Most any biomass will serve to make charcoal.  Making the charcoal from fast-growing algae would be interesting.

Rudolf Diesel used gasified coal (syngas) which was a commonly used for street lighting and cooking in many European cities. Some of his early engines were sold with an accompanying gasifier.
By the way, I recently stumbled across "evolutionary economics" which offers a critique of Smith.
The below article roots out the "Intelligent Designer" of our modern, Adam Smithian society:
Nice point Stuart, History is with you.

Remember the great empires of antiquity, Greeks, Persians, Romans, and so on; they all based in large scale commerce.

Around here we had to divide the World in the 15th century, so commerce could expand without war.

I think what I'm drawing from Smith is this.  In a post-peak world, energy gets expensive (though coal-to-liquids might put off the day of reckoning).  However, ocean/river transport is much more energy efficient than land transport.  Therefore, cities (which are by and large close to rivers/oceans), will maintain commerce and wealth better than the country.  Thus, the nice folks in Yellow Springs may have it exactly backwards (at least for the early decades of a post-peak world).
Hey Stuart, Real GDP was announced at 4.1% this morning.  I have been a proponent of sustainable grwoth thru 2006/2007.  With respect to our disagreement on potential USA growth wrt Miles Data on Oct 25th when u said:

"We'll see who's right :-) Maybe driving and economic activity have become uncoupled recently, but I doubt it. (I'm not saying zero growth btw - I have no way to be that precise. I just think the growth rate is bound to drop pretty significantly for a while.)"

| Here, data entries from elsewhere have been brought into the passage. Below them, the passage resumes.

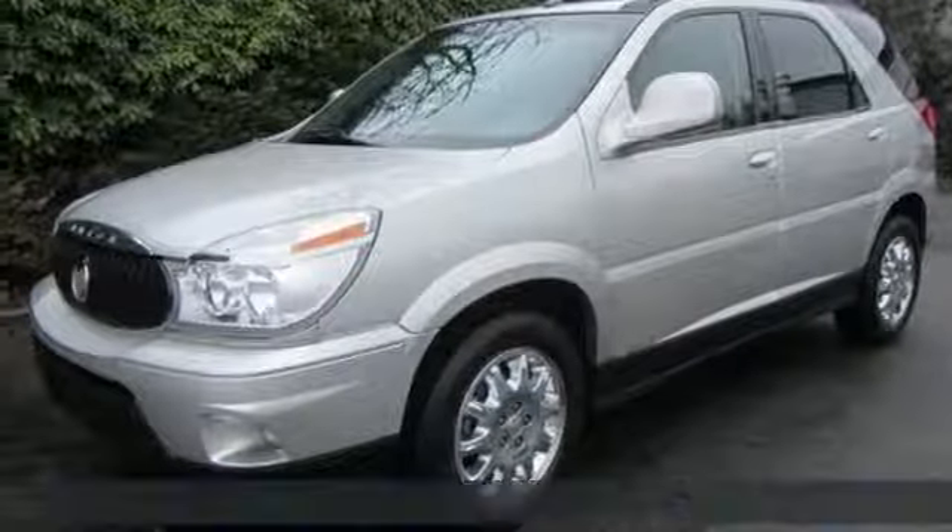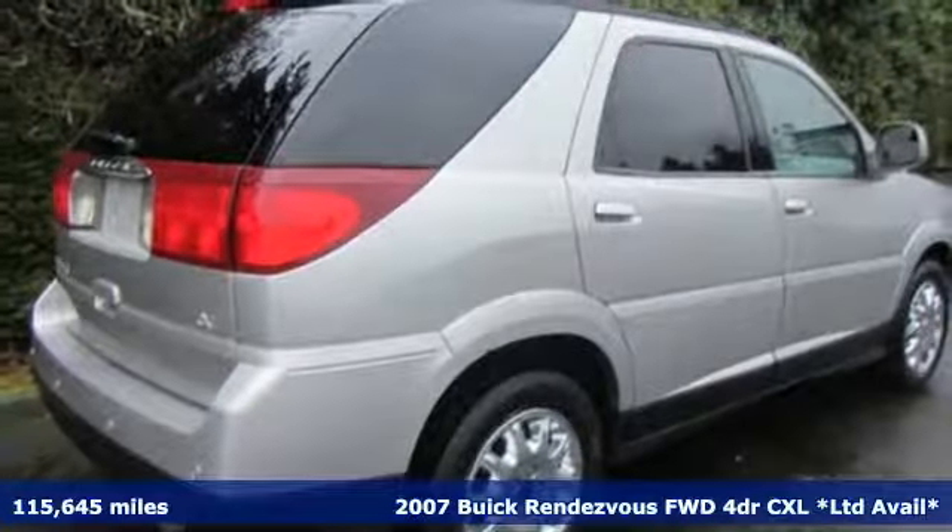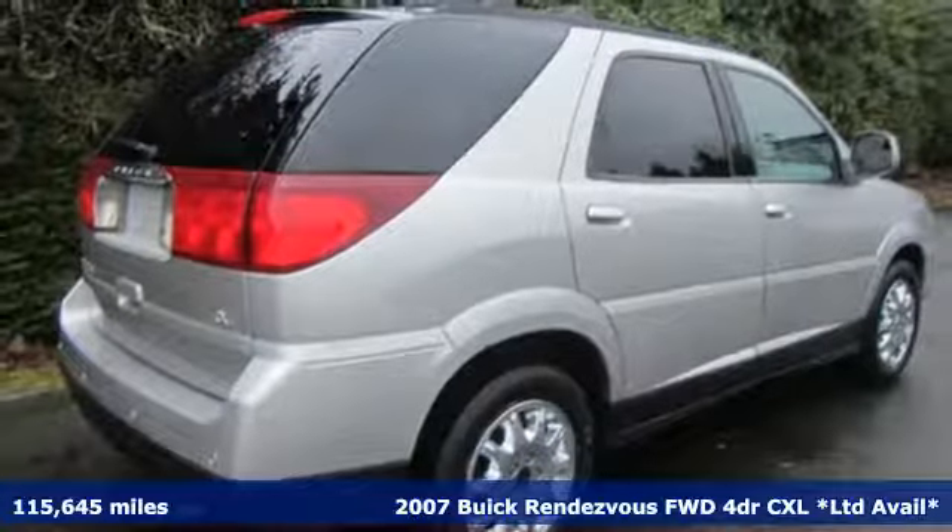Here's a 2007 Buick Rendezvous. Buick — expect more than you'd imagine. And it comes with all the amenities you need.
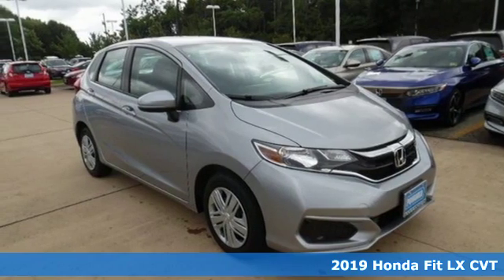Here's a new 2019 Honda Fit. No matter what your cargo carrying needs are, this Honda will make it fit.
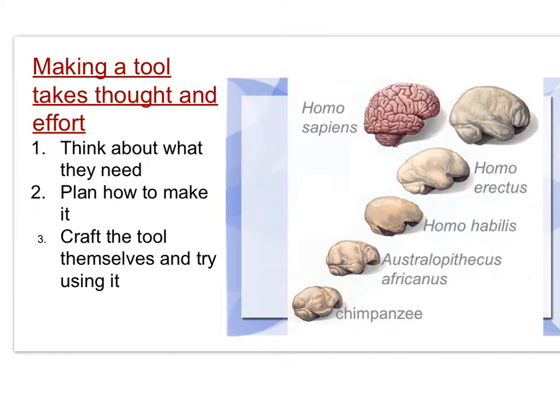Making a tool, even a very simple one, takes thought and effort. First, the hominid had to think about what kind of tool was needed. Then, they had to plan how to make it. Finally, they had to craft the tool themselves and try it out to see if it worked.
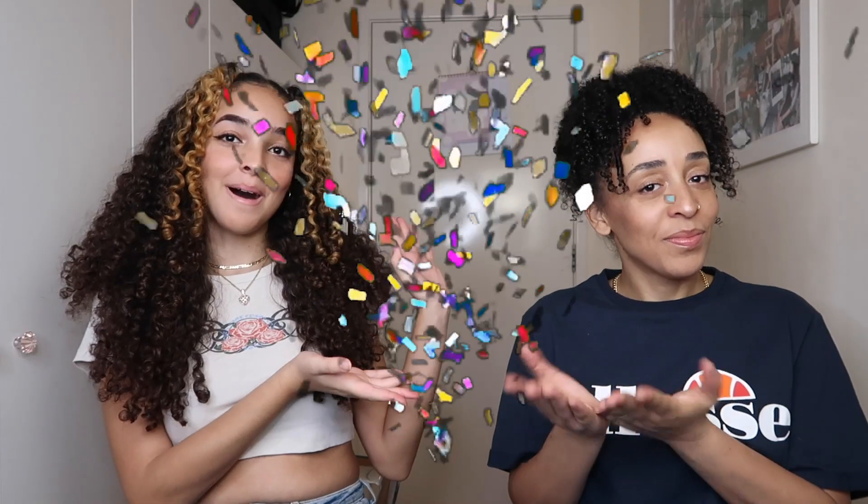Hey guys, welcome back to my channel! Today I'm going to be doing another video with my mom — she's going to be rating and reacting to my JJ's House wedding dresses. I've never actually tried on wedding dresses before, so I'm honestly so excited. I'm kind of scared that this is actually going to give me wedding fever.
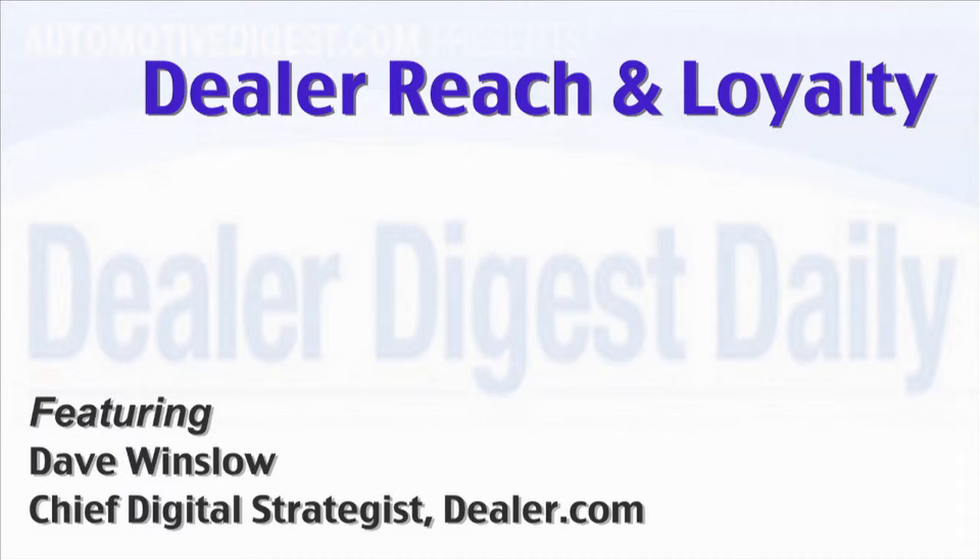How can your dealership retain more customers? For starters, you need to have a relevant reach that captures consumers at the right time and place. Dealer.com has a leading edge in the industry today as the market share leader in technology and marketing solutions for car dealers. Two things that we're really looking at are relevant reach and leads to loyalty.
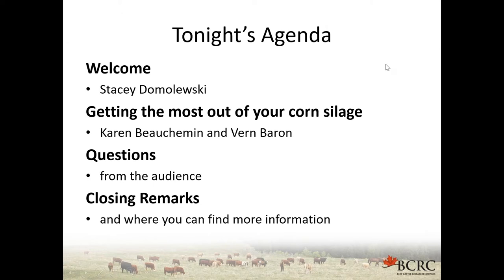Here's what we're going to be covering tonight. I'm pleased to introduce Dr. Karen Boshman, who is a research scientist at Agriculture, Agri-Food Canada. Before her career in research, Karen spent several years in the feed industry as a nutritionist. She conducts a broad-based research program to improve feed utilization of beef cattle while reducing environmental impact of meat production. We'll also be hearing from Dr. Byrne Barron, a research scientist at Agriculture, Agri-Food Canada as well, raised on a farm in southwestern Manitoba. His research is in expanding the grazing season, environmental impact of beef production, and forage management.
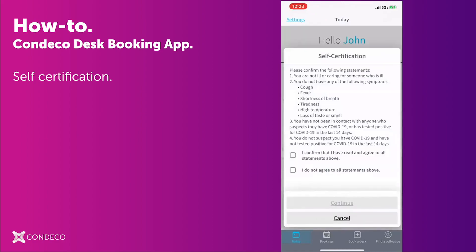This will then bring up the self-certification questionnaire. Now, since this is a configurable option by your organization, your questionnaire may differ from what you see here. Once you've thoroughly read the statements provided, you'll need to select one of two checkboxes. Please know only one can be selected at a time.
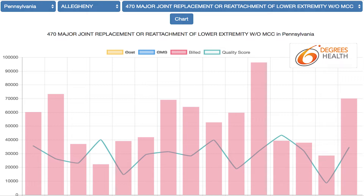There are 15 facilities in Allegheny County that reported enough data to be included in the comparison. The pink bars represent the amount that those facilities will bill your private insurance for the procedure. The blue line represents the quality score established by CMS — the higher the blue line, the higher the quality.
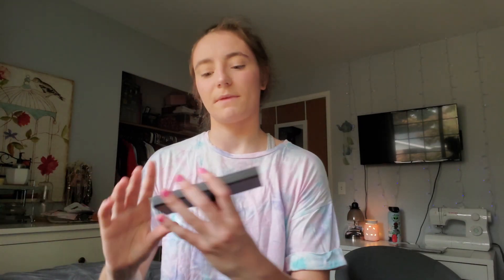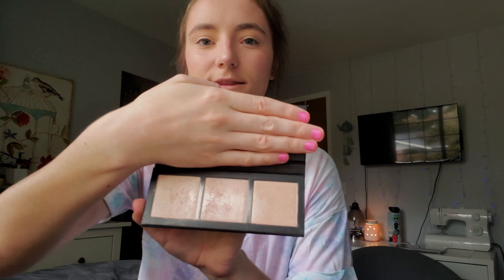I don't use bronzer, so I use the blush as bronzer a little bit — I just don't want the full bronzer look. Next I go in with my MAC Hyper Real Glow palette.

Are u ready to say "uncle"?!!

I'm willing to say I don't understand what's happening right now :-).  However, my prediction was about next year, not this (since I was basically working off an annual time series in which the GDP response often lags the miles data).  The situation might be clarified by more miles data, but unfortunately the FHWA has fallen behind.  Though they do now have September up, so maybe I'll do a post about that sometime soon.
The growth number depends 100% on the price of oil. If Oil goes up, growth will not increase. Not now. We need to become much more efficient for that to be possible. So for now, Stuart has the advantage in this argument.
Agreed. I read a discussion by somebody who moved to the country, did well planting a vairety of fruits and vegetables, but moved back after deciding the heavily armed people who live there would be likely to take what he had built if lawlessness comes to rural areas. He now plants a couple of fruit trees in the city, is part of a group of similar individuals. Whether law enforcement will protect him in a city if and when hungar comes is another question.
Regarding transportation, I think the crunch will come to commuters, forcing them to adopt fuel efficient vehicles plus carpooling, long before much happens to the transportation of goods. Maybe some reduction at the margins, such as air transport. It does seem that airport expansion is somewhat less needed than whatever society decides would best help in the transition, whether traditional renewable or nuclear.

Many peak oilers assume we will just make do with less as we slide down Hubbert's curve, die-off or other inconvenience be damned. This would not get any politiciain elected, so the US and others will do what they can to maintain what their citizens have become accustomed to, and not all attempts will involve war. What else will be tried?

It would be interesting to see which of the following could really compensate for declining oil output over time, say using ASPO's latest, together with a little discussion of cost and practical limits:
Acres of sugarcane
Acres of solar plus ctl.
Number of windmills, assuming latest technology, plus ctl.
Number of 1000MW nukes, either conventional light water or breeders, plus ctl.

Further off topic, today's US crude storage report shows oil up 2mb, surprising analysts expecting 1mb decline. Further evidence that OPEC is right in claiming the problem is lack of refineries, and increasing the chance they will cut output end Jan, helpfully delaying peak a little.

Food will be the country's wealth, and without it the city breaks down.  Agricultural areas  will have to do some land transport, even to get to water. Very right about water as  energy efficient transport. Lewis & Clark drug those boats UP the Missouri River to discover the U. S. west.
McCain said: " Peak Oil won't stop trade -- but it will probably scale it back, particularly for bulk goods."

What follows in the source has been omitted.